Con los números difundidos hoy, la Argentina suma 100.250 muertos. La cifra, por lo pronto, abruma. Puesto en términos comparativos, este virus se llevó el equivalente a la población total de una ciudad mediana. Un poco más de 100.000 son los habitantes de Santa Rosa, la capital de La Pampa.
Ranking
En el ranking global, la Argentina ocupa uno de los peores lugares. Esta mañana, con una tasa de 2239 muertes cada millón de habitantes, estaba dentro de los diez países más afectados. Perú encabeza esa ominosa tabla, que incluye a otros países de la región en los primeros lugares. Brasil y Colombia están incluso peor que la Argentina. El virus no distinguió colores políticos y fue impiadoso con América del Sur: ninguna otra región se vio tan diezmada. Su daño se cuenta en muertes, pero también en el derrumbe económico y en los miles de chicos en edad escolar que vieron interrumpida su educación.

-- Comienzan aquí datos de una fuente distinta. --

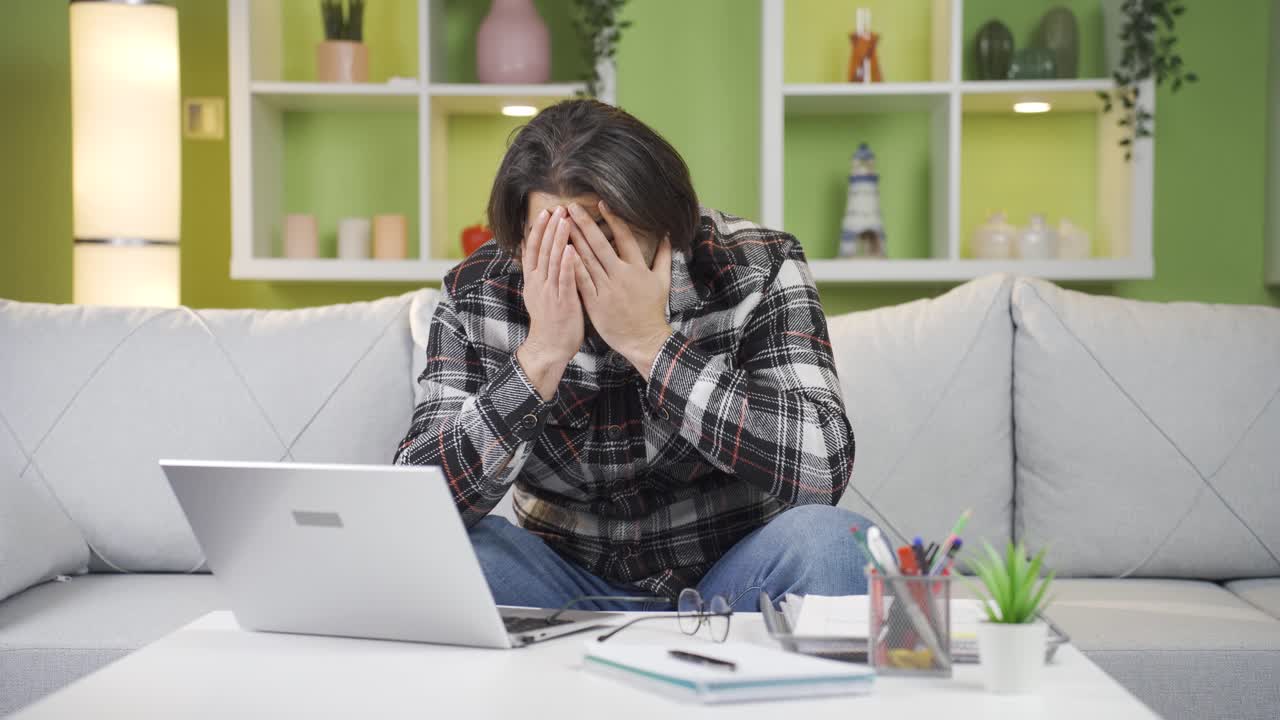 직장에서 눈이 아프고 건조한 사람.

En la inmensidad de los grandes números se esconde el llanto de las familias que sufrieron pérdidas. El coronavirus fue cruel no sólo por lo contagioso y letal, sino también por la imposición de agonías en soledad a las que obligó, en especial al inicio de la pandemia.
Muertes en la Argentina, hasta la última actualización
Los protocolos de aislamiento absoluto hicieron que los enfermos terminales tuviesen que cursar los últimos días de su vida aislados de sus familias y amigos. Incluso el contacto con médicos y enfermeros era limitado y estaba mediado por las capas de protección que dificultaban la comunicación. “Los pacientes nos miran como si fuéramos astronautas y encima se sienten culpables porque entienden que nos estamos protegiendo de ellos. Es muy difícil comunicarnos en esas condiciones”, explicaba Isabel, una enfermera del Hospital Fernández, al comienzo de la pandemia.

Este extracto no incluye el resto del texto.